Recombinant kringle 1-3 of plasminogen inhibits rabbit corneal angiogenesis induced by angiogenin

Abstract

Purpose. Angiostatin is a potent angiogenesis inhibitor that has been identified as a cryptic fragment of plasminogen molecule containing the first four kringle domain. Angiogenin, a 14-kDa monomeric protein, a potent blood vessel inducer, is expressed in tumors and present in mammalian plasma. The purpose of this study was to determine whether recombinant kringle 1-3 (rK1-3) of human plasminogen could interfere with angiogenesis induced by angiogenin and to evaluate the role of angiogenin in corneal angiogenesis in rabbit. Methods. A Hydron polymer pellet containing 2.0 mu g of angiogenin was implanted intrastromally into the superior cornea of each of 44 rabbit eyes.
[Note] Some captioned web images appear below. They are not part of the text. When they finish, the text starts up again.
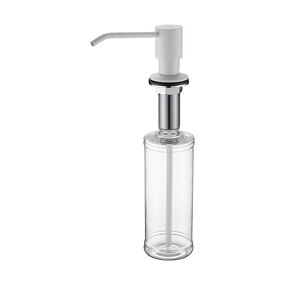 Фото Paulmark REIN  D002-431  Белый матовый 431/WH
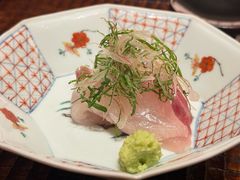 -晴空·日本料理(万象城店)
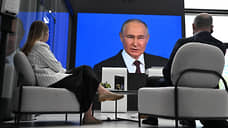 Путин предложил передавать бизнесу участки за ликвидацию свалок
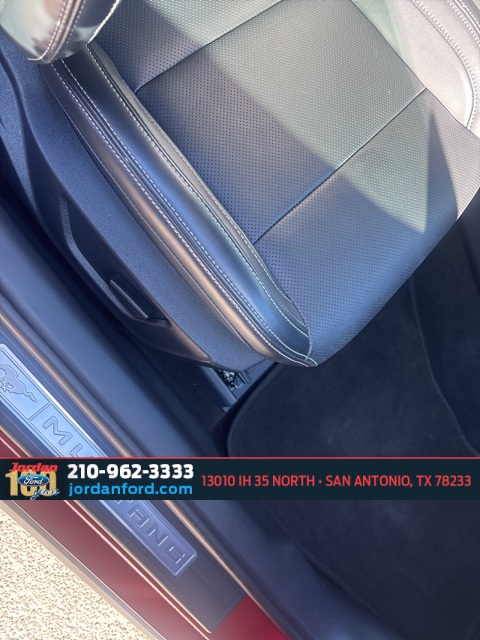 Used Car 2024 Ford Mustang  Gt Premium For Sale Under $50,000 In San Antonio, Texas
All eyes received an intrastromal pellet and were randomized into either one group treated with 12.5 mu g of rK1-3 (n = 25) or the other group treated with phosphate-buffered saline (PBS; n = 19). Both pellets were positioned in parallel at the site 1.2 mm from the superior limbus. Two masked observers kept the angiogenesis score daily, based on the number and the length of new vessels. The corneas with induced angiogenesis also were examined histologically. Results. On the third day of the angiogenin pellets implantation, the eye treated with rK1-3 had less angiogenesis (mean score, 4.2 +/- 6.6) than eye treated with PBS (mean score, 16.1 +/- 17.1; p < 0.05. Mann-Whitney U test). The cornea treated with PBS also showed much more leukocyte adhesion than the cornea treated with rK1-3. Conclusion. Recombinant kringle 1-3 appears to inhibit angiogenin-induced angiogenesis in a rabbit corneal pocket assay. Recombinant kringle 1-3 may have therapeutic potential as an antiangiogenic agent.